Bowie Master Plan Existing Conditions Report
The Community Planning Division of The Maryland-National Capital Park and Planning Commission (M-NCPPC) recently posted the Existing Conditions Report prepared for the Bowie-Mitchellville & Vicinity Master Plan. An interactive, online version of the 296-page report is available online. Due to the large file size, an electronic copy of the entire report is not available.
Current Master Plan
Abstract: This document contains text and maps of the Approved Master Plan for Bowie and Vicinity and the Sectional Map Amendment for Planning Areas 71A, 71B, 74A, and 74B. This plan amends the 1991 Approved Master Plan and Adopted Sectional Map Amendment (SMA) for Bowie-Collington-Mitchellville and Vicinity, Planning Areas 71A, 71B, 74A, and 74B. It also amends the 2002 Prince George’s County Approved General Plan and other functional master plans. This plan was developed primarily during a community-wide six-day planning charrette after consultation with citizen focus groups. The document provides visions, goals, background, policies and strategies for numerous planning elements. The Development Pattern element encourages the revitalization of Old Town Bowie and redevelopment of Bowie Main Street, West Bowie Village, and Pointer Ridge. These four existing commercial areas are designated as mixed-use activity centers suitable for a wide array of public, commercial, employment, and residential land uses. The plan recommends that ﬂexible zoning regulations be enacted to preserve rural character and sensitive environmental features. The Area-Wide Infrastructure element addresses the environment, transportation, schools, ﬁre, police, library, parks, and trails. The Community Character element addresses economic development, historic preservation, and scenic roads.
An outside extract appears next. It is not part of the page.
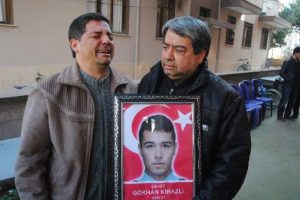 Şehit polise g&ouml;z&uuml; yaşlı veda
Rural and Developing Tier boundaries designated in the 2002 General Plan and boundaries of the Bowie Regional Center are redeﬁned. Land use concepts and illustrative sketches are included that encourage development centered on a future transit hub in the Bowie Regional Center. A Development District Overlay Zone (DDOZ) containing a regulating matrix, design standards, and a table of uses are included to facilitate implementation of the plan’s land use recommendations for Old Town Bowie. The sectional map amendment implements the land use concepts in the master plan.
Master Plan Explained
For planning purposes, the County is divided into seven subregions, which are further divided into 36 planning areas. Each planning area is a fairly cohesive district that is typically bounded by a major highway, political boundary, and/or a natural border such as a stream valley. Master plans may be prepared for an individual planning area, group of planning areas, or entire subregions. Master plans provide specific recommendations on the environment, historic preservation, living areas and housing, commercial areas, employment areas, urban design, circulation and transportation (including highways and mass transit), and public facilities. Where appropriate, some plans may cover additional issues such as economic development and neighborhood revitalization. Master plans also address the adequacy of public facilities. Land use proposals are analyzed for their impact on schools, police, fire, rescue, libraries, health, parks, and trails. Recommendations are then made to correct any projected deficiencies of these public services and assets. In addition, an analysis of the balance between the proposed land uses and the proposed transportation system is undertaken. The master plans are the final authority on highway and mass transit right-of-way land reservations. The planned land uses become the basis for decisions on where new schools, fire stations, and other public facilities will be needed in the future. Master plans are also used to guide decisions on zoning change, special exceptions, and subdivision applications. Probably the most important function of the area master plans is that they are used as the basis for comprehensive rezoning (sectional map amendments).